Nach dem 3:1-Sieg im DFB-Pokal gegen den FC Augsburg scherzt der Bayern-Kapitän über sich selbst. Doch wieder einmal wird ein Spiel der Münchner am Ende spannender als gedacht.

Aus dem Stadion von Matthias Schmid

Es war fast schon Mitternacht, als Philipp Lahm aus dem Bauch der Fröttmaninger Arena schlurfte, im Trainingsanzug und einem Rucksack auf dem Rücken. Die Dopingprobe hatte ihn aufgehalten. Er telefonierte, als er durch die Tür Richtung Ausgang ging. Man hörte noch, wie er seinem Gesprächspartner die erstaunliche Szene nach eineinhalb Minuten schilderte. Sein Führungstreffer im Pokalspiel gegen den FC Augsburg, der genügte, um aus Lahm den weißen Brasilianer zu machen, wie manche Fans auf der Tribüne raunten.

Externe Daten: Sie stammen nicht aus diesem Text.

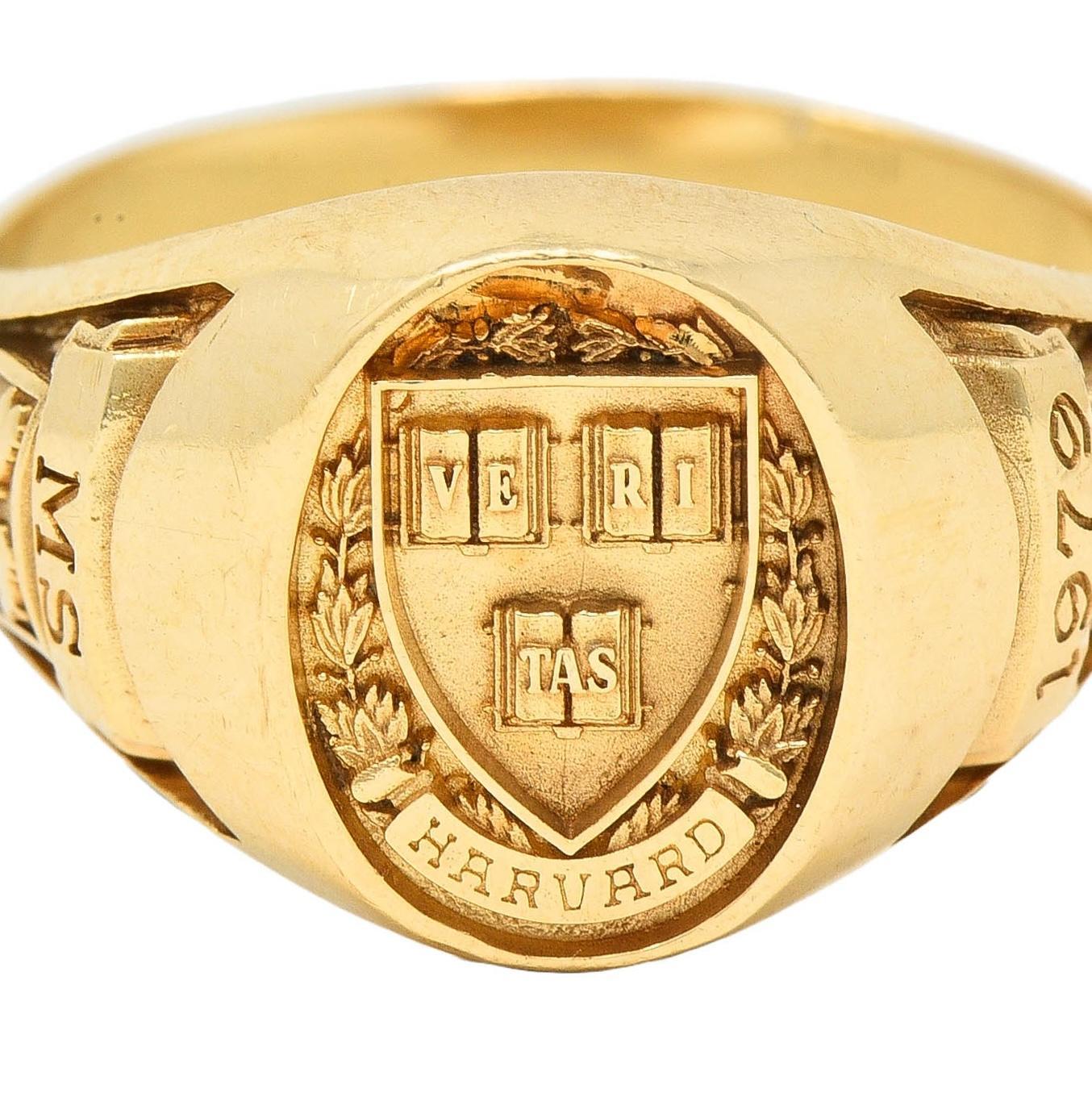 1979 14 Karat Gelbgold Vintage Harvard Signet Class Unisex-Ring, Harvard Signet Class im Angebot 7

Lahm musste lächeln, als er den Vergleich hörte. Es war in der Tat ein kunstvolles, ein seltenes Tor. Er erhielt einen Pass von Thomas Müller am Strafraumeck, Ballannahme mit links, mit rechts den Ball Gegenspieler Philipp Max durch die Beine geschoben und dann rumms rein ins lange Eck. Die gesamte Münchner Ersatzbank jubelte erstaunt.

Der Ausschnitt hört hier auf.